1 Mart 2016 Salı

Kendini bil?

Kendini bilme dendiğinde ilk akla gelen zaaflarını tanıma.  Fakat zaaflar da kendiliğinden ortaya çıkan şeyler değil. Bir olayın, durumun gerçekleşmesi lazım ki kişi o olay karşısında verdiği tepkide kendini görebilsin.

Bu yetiyor mu? Sanırım yetmiyor, çünkü kendini takip eden, eleştiren açık bir bilince, niyete de ihtiyaç var. Olaylara verdiği tepkileri eleştirecek, ders çıkararak değiştirmeye, iyileştirmeye  yönelebilecek bir bilinç.

Bu da yetmiyor sanırım.
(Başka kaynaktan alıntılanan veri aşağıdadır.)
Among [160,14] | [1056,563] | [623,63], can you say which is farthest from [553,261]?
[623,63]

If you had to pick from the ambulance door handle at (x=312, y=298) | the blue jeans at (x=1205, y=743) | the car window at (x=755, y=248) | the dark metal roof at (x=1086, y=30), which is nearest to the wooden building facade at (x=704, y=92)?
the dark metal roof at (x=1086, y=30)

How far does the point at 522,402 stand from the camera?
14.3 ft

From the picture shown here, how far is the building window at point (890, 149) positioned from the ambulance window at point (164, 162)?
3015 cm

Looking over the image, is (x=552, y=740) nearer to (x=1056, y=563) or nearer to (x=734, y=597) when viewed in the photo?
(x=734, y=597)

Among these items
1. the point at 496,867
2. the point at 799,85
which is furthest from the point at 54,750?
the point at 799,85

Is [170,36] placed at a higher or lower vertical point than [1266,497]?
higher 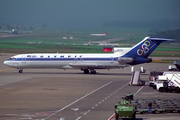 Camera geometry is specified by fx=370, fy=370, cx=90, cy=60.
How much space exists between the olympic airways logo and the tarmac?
13.3 ft

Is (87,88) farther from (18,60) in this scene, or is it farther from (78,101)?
(18,60)

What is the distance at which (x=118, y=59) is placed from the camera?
6125cm

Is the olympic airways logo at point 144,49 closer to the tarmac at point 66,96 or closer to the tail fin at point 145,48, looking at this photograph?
the tail fin at point 145,48

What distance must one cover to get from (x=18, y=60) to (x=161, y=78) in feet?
95.1

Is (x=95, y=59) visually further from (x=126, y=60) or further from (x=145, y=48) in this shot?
(x=145, y=48)

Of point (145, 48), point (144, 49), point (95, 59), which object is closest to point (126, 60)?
point (144, 49)

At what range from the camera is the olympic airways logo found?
6094 cm

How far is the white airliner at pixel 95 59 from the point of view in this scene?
61031mm

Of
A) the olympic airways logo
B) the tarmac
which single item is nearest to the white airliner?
the olympic airways logo

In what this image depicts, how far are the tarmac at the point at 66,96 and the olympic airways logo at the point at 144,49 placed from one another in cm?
406

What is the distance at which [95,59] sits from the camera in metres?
62.7

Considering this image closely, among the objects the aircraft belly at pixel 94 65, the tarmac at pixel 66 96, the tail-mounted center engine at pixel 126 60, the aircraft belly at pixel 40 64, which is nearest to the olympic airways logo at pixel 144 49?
the tail-mounted center engine at pixel 126 60

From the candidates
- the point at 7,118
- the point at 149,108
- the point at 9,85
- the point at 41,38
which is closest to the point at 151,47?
the point at 9,85

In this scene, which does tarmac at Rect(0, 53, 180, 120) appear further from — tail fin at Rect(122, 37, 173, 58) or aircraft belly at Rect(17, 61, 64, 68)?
aircraft belly at Rect(17, 61, 64, 68) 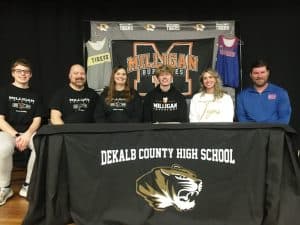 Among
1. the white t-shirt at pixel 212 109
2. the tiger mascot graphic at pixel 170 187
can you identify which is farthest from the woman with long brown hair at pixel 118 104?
the tiger mascot graphic at pixel 170 187

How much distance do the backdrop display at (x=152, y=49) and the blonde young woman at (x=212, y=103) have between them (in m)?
0.79

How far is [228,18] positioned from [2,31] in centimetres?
264

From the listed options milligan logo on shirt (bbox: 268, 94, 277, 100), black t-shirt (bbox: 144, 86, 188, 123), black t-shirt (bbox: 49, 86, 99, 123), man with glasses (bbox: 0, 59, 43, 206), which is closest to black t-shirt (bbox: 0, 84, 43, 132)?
man with glasses (bbox: 0, 59, 43, 206)

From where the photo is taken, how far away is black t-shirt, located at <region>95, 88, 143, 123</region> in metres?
3.44

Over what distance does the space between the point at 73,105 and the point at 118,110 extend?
424 mm

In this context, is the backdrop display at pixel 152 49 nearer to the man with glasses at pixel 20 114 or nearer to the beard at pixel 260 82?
the beard at pixel 260 82

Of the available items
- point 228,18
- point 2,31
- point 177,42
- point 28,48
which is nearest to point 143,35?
point 177,42

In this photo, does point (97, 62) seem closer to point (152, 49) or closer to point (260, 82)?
point (152, 49)

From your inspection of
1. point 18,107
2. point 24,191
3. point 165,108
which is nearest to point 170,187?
point 165,108

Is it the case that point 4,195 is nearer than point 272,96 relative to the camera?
Yes

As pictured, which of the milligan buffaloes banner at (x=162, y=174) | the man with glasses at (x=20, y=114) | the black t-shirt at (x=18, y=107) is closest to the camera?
the milligan buffaloes banner at (x=162, y=174)

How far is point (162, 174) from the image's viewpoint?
242 cm

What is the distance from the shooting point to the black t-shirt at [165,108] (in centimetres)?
351

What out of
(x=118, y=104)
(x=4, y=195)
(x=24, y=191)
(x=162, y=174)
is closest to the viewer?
(x=162, y=174) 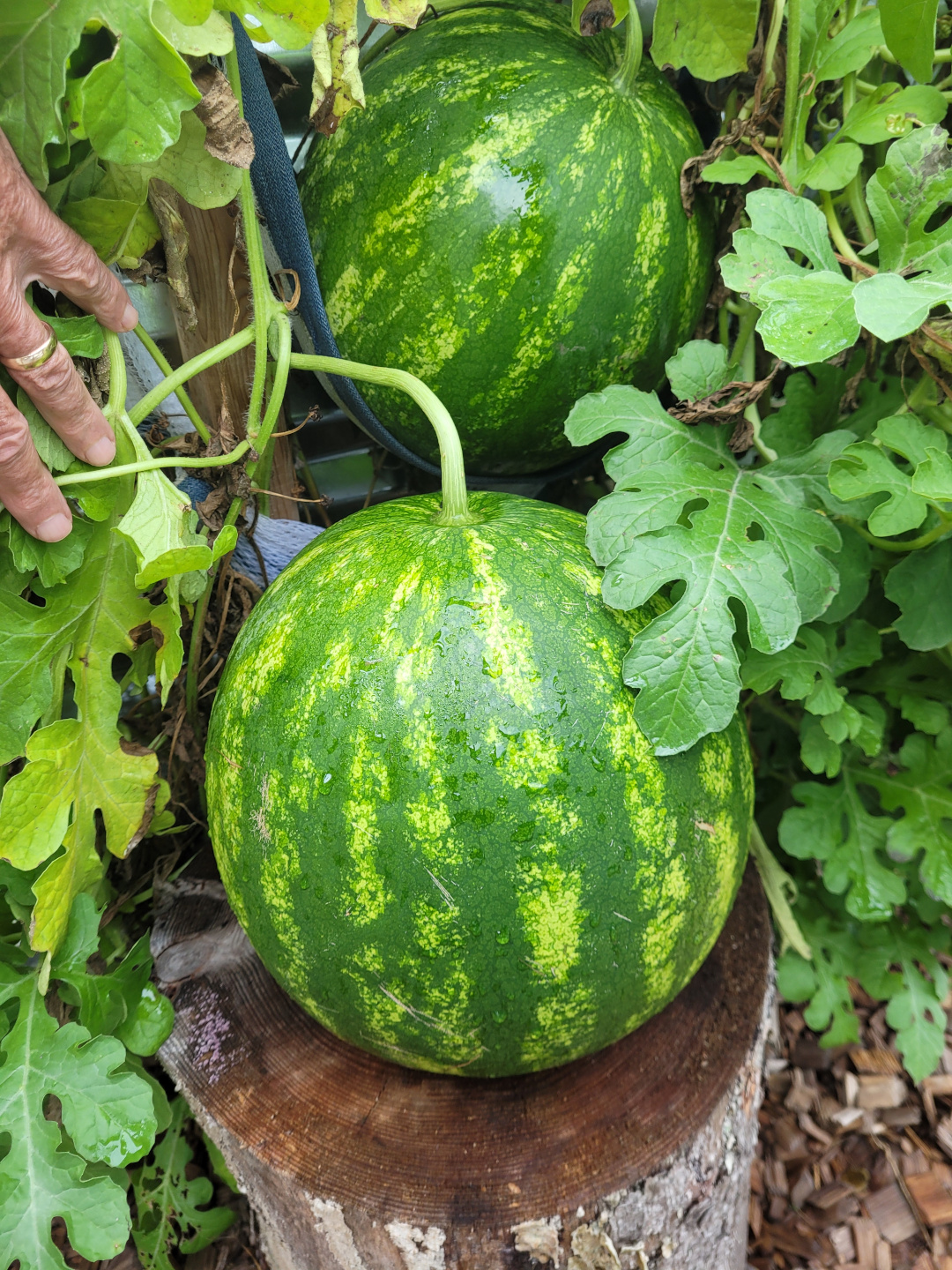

Tüm bunlardan bir proje çıkaracak bir akla, bunu işleme koyabilecek bir hafızaya ve iradeye de ihtiyaç var. Bu hafıza kendini  projeyle uygunluk konusunda yeni olaylar karşısında değerlendirebilmeli aynı zamanda. Kendini bilme bitmeyen dinamik bir süreç, sürekli bir oluş. Bir olmuş bitmişlik değil.

Kendini bilmek bu anlamda hatalarından öğrenmek bir yerde.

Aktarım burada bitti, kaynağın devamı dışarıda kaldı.